Give your everyday life a boost with this onion and apple sauerkraut recipe!
Not only is this sauerkraut tasty, but it’s made with ingredients you probably already have in your pantry.
Fermented Cabbage, a Winning Recipe!
The apprentice fermenter’s baptism is often done with sauerkraut. And not for nothing! It’s almost impossible to fail and quite frankly, it’s delicious. What’s more, it features cabbage, inexpensive food that is easy to find and available year-round.
Raw cabbage is a bit bland and hard to digest. However, cabbage undergoes a complete metamorphosis during fermentation!
With salt and a little patience, cabbage turns into sauerkraut and becomes much easier to digest. One of the many benefits of lacto-fermentation.
Fermentation also develops the flavours of the cabbage, which acquires more acidity. Beware, fermented cabbage can become quite addictive!
Once you’ve mastered the famous traditional sauerkraut, why not experiment with other ingredients? In this recipe, apples and onions are added to enhance flavours.
Lacto-fermented fruit such as apples add lots of flavour and aroma to vegetable mixes, whereas onions add depth to the sauerkraut. A winning combination!
For more ideas on fermenting cabbage, check out our 6 fermented cabbage recipes from around the world.
Apple and Onion Sauerkraut Recipe
- Mixing bowl
- 1 small cabbage (850g)
- 1 large apple
- 1 small onion
- 1 teaspoon fennel seed (5ml)
- 1 tablespoon salt (or 2% of the weight of the vegetables)
- Cut the cabbage, onion, and apple (with peel) into thin slices with a knife or mandolin. Set aside one whole cabbage leaf.
- Place the bowl on the scale and set the scale to zero.
- Add all the vegetables to the bowl.
- Weigh the vegetables and multiply the weight by 2%. This will give you the amount of salt (in grams) to add.
- Sprinkle this amount of salt over the vegetables. Massage the mixture with your hands for 2 minutes to dissolve the salt and mix the ingredients.

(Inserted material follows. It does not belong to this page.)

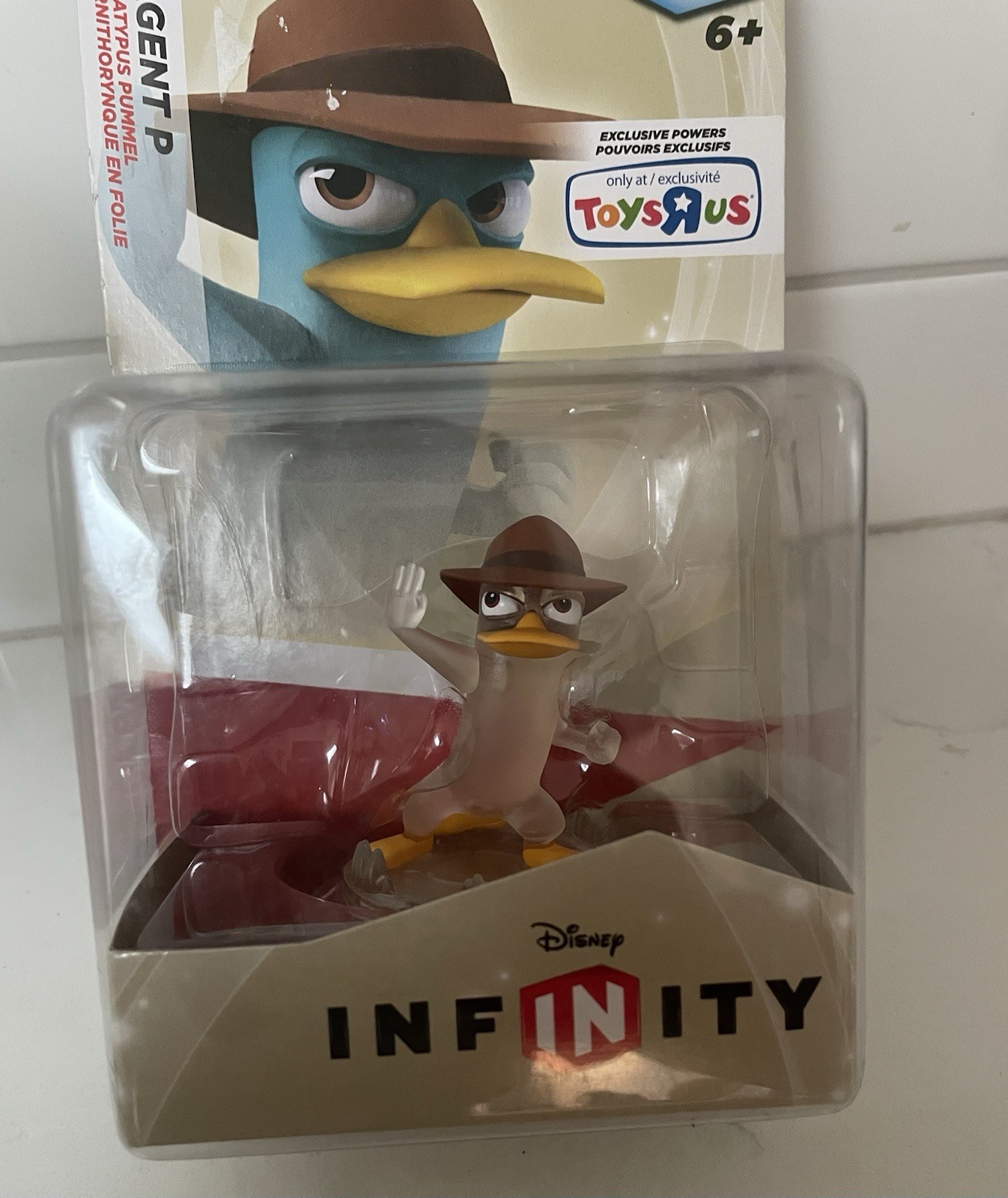 Disney Infinity Phineas and Ferb~Agent P~Platypus Crystal Figure Toys ‘R Us Exc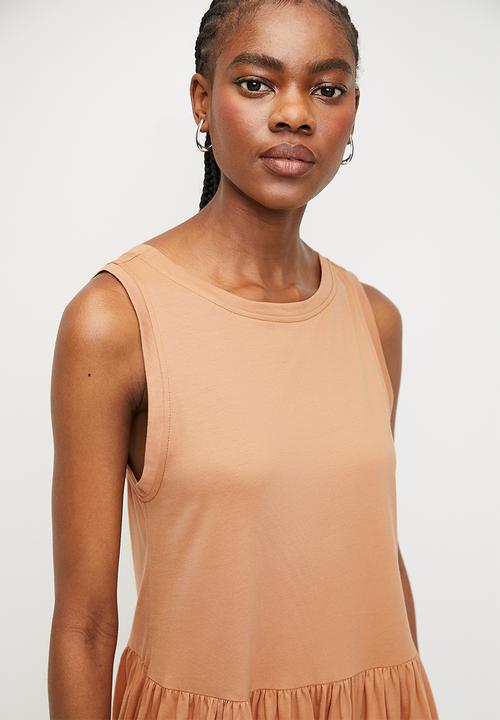 Superbalist - Dropwaist T-shirt Midi Dress - Neutral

- Let it drain for 15 minutes. The vegetables will give up most of their water.
- Transfer to the glass jar in small batches, compressing the cabbage by hand or with a packer. The liquid produced should submerge the cabbage.
- Place the whole cabbage leaf on top of the vegetables to prevent small pieces from rising to the surface. Add the ViscoDisc insert over the cabbage leaf.
- Let it stand at room temperature for 3 weeks.
- Remove the insert and discard any cabbage pieces that float to the surface.
Are you new to fermentation? Take a look at our complete guide to lacto-fermentation.
Sauerkraut can be stored in the fridge for about 1 year.
This apple and onion sauerkraut goes well with braised and roasted meats and enhances mashed potatoes.
It will add a lot of flavour to root vegetable soups (carrot, beet, parsnip, etc.). It will also liven up any boring sandwich or burger!